* Given data *
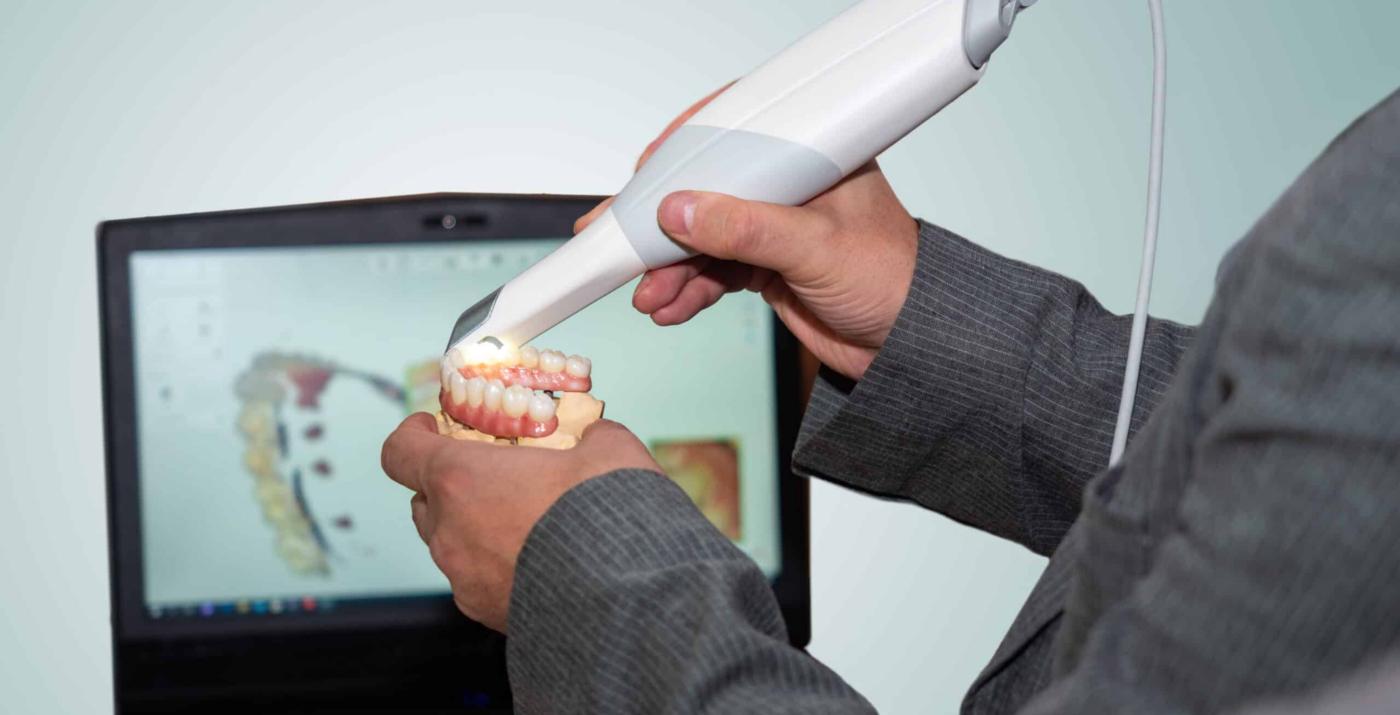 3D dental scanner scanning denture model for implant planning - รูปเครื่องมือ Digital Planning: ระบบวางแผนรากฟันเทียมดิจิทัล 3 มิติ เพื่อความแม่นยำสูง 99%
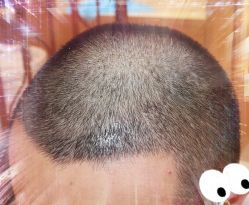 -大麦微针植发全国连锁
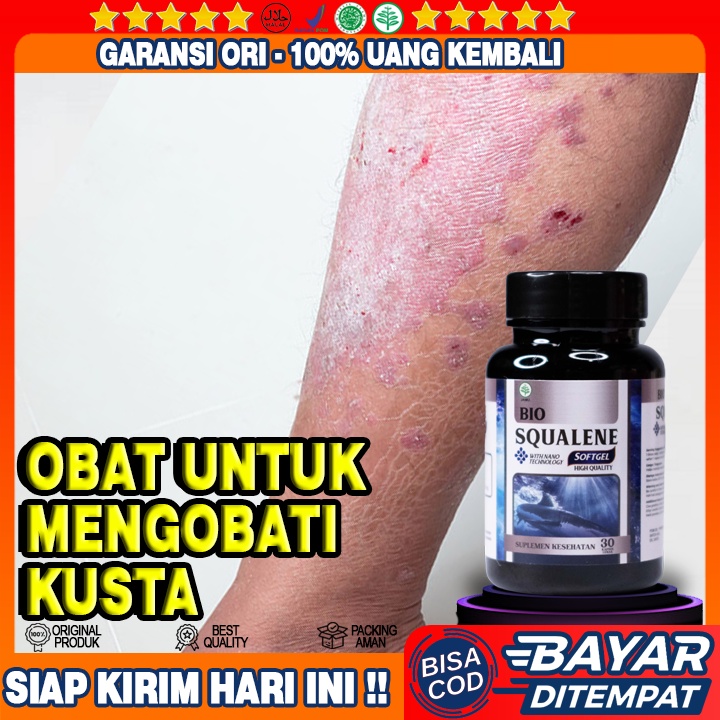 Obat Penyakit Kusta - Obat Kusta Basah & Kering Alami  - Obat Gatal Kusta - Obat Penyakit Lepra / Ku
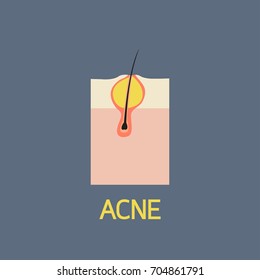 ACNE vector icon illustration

* What you will do *
The answer must be the listing above, restated word for word, with no images in it.

* Solution for this problem *
 3D dental scanner scanning denture model for implant planning - รูปเครื่องมือ Digital Planning: ระบบวางแผนรากฟันเทียมดิจิทัล 3 มิติ เพื่อความแม่นยำสูง 99%
 -大麦微针植发全国连锁
 Obat Penyakit Kusta - Obat Kusta Basah & Kering Alami  - Obat Gatal Kusta - Obat Penyakit Lepra / Ku
 ACNE vector icon illustration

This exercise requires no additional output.